|Some Random Dood|
|Jiggy RPG Superstar 2012 Top 32|
|1 person marked this as a favorite.|
It's something I have trouble with myself. So I'm curious how do other people come up with their character concepts?
If I try to make a concept from scratch, I'm either paralyzed with indecision or can think of nothing but derivitave rip-offs of cliche's or existing fictional characters.
What I usually do instead is start with a mechanical build (though even then I'm still sometimes paralyzed with indecision), start playing it as a "blank slate", and let my character take on a life of his own.
It's a fun experience to "get to know" your character instead of knowing them inside and out from the get-go. Also I think it makes it easier for them to evolve organically over time if you don't have too much pre-written stuff.
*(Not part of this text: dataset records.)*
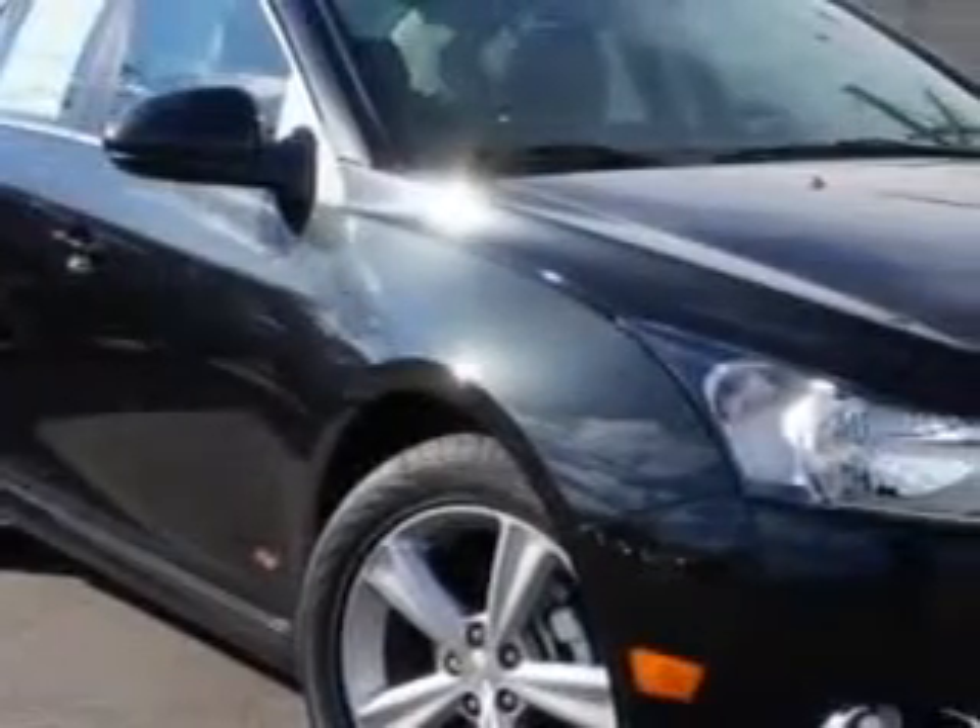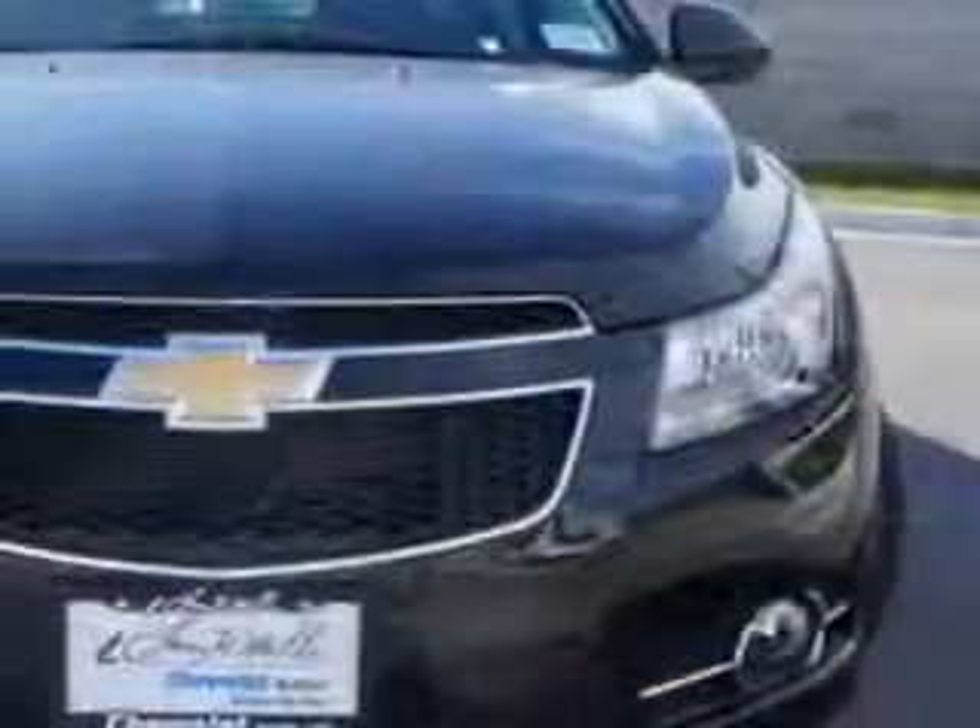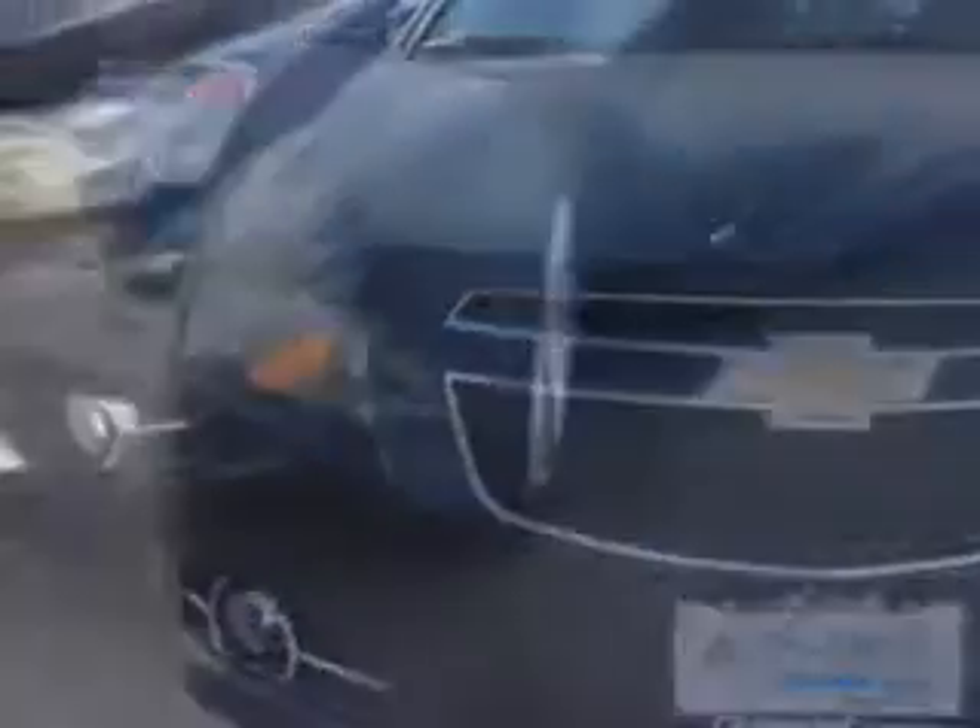Imagine driving this black granite 2014 Chevrolet Cruze sedan, equipped with a 4-cylinder engine and an automatic transmission.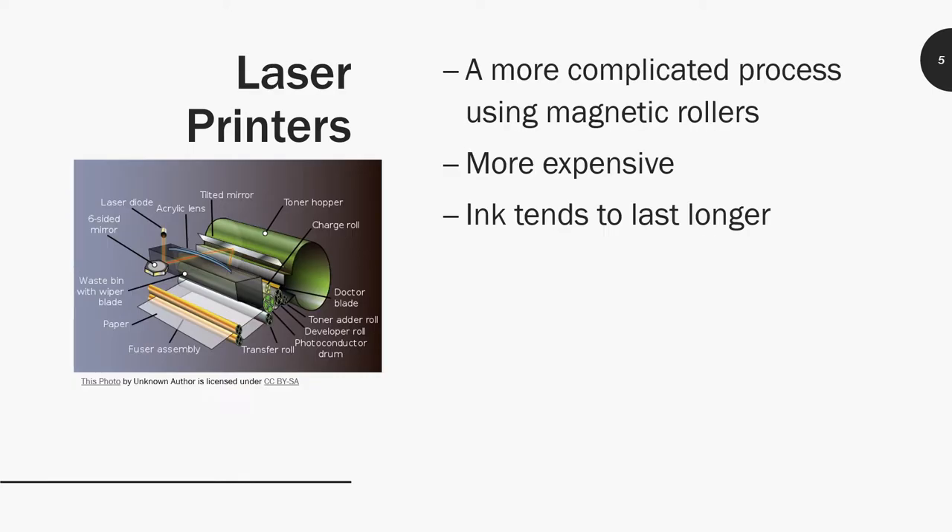Laser printers are a bit more complex. I was able to find a diagram picture — credited to an unknown author — showing the process. They have a little laser diode, which is why it's called a laser printer, and it marks where it's going to magnetically attach ink. There's powdered ink and a roller that transfers that powdered ink onto the paper, then heats and presses it on. If you want more precise information, I recommend you look it up — I'm just giving you enough of an overview so you know what the printer is doing and have the necessary information for troubleshooting.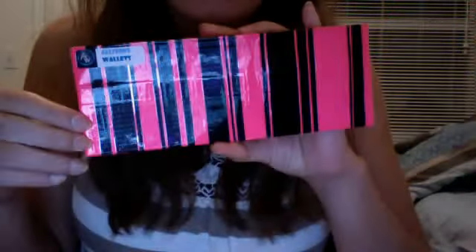Next is for Tammy C. She ordered the pink barcode wallet and asked for clear tape over it. So it looks like this — I think it looks really nice.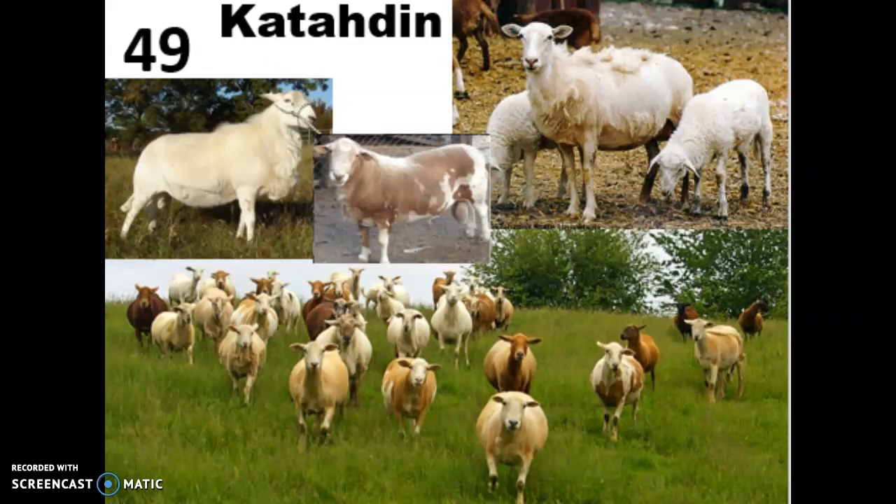The Katahdin should look familiar because this is what we raise on campus. It is a hair sheep, which is wonderful because you don't have to shear it, and it can live in just about any environment. They come in white, tan, and brown colors and are bred to be a low-maintenance meat sheep. They came out of Maine in the 1950s and were named after Mount Katahdin. They are hardy, adaptable, parasite-resistant, and have a two-layered coat of coarse outer hairs with a woolly undercoat that they shed throughout the year. They're often used to manage vegetation by grazing, and since they are one of the lowest-maintenance sheep, they're a perfect choice for facilities with students involved.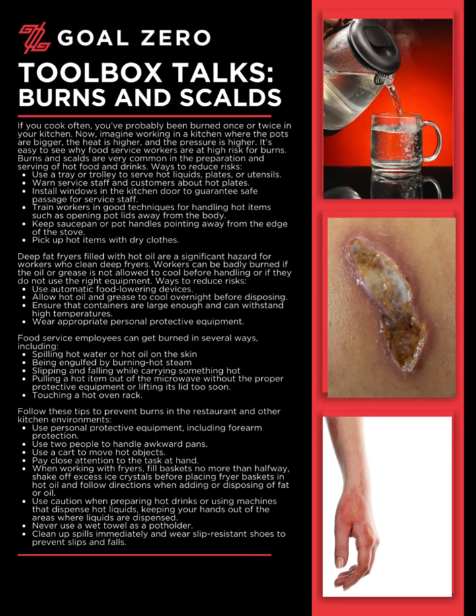If you cook often, you've probably been burned once or twice in your kitchen. Now, imagine working in a kitchen where the pots are bigger, the heat is higher, and the pressure is higher. It's easy to see why food service workers are at high risk for burns. Burns and scalds are very common in the preparation and serving of hot food and drinks.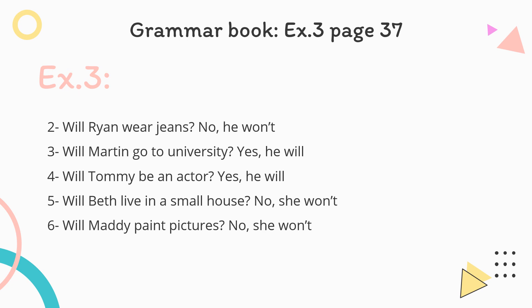Exercise number three, which is related to exercise number two: look at exercise two and write questions and short answers. For example: In 10 years' time, Julia likes reading books — Will Julia like reading books? Yes, she will. Two: Ryan wears jeans — Will Ryan wear jeans? No, he won't. Three: Martin goes to university — Will Martin go to university? Yes, he will. You can complete the exercise and check your answers from this presentation.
So I guess I'm an "on-the-fly concept guy". ;)
Sometimes, by watching movies and wanting to emulate specific characters. Or, listening to music, and wanting to try emulating the "feel" or theme of the song through a character. Or, as I did once, just sit at the food court at your local mall, and watch people. See how they interact, sometimes you can get ideas from that. Combine the last two for added effect.
Sometimes it's a single trait they have. This could be someone who is a total badass, or someone with amnesia for example.
That's all you need to start. From there on, you start asking questions. Race, gender, class. Everything has to fit in with the main concept.
I too look to books and movies for inspiration sometimes. I like to write down some personality quirks as well. Like maybe I want to play a pacifist I may go with a cleric or monk, or maybe I want to play a scoundrel and go with a swashbuckler or rogue. Maybe I want to have OCD and go with a wizard who suffers from it. I like to expound upon things like that.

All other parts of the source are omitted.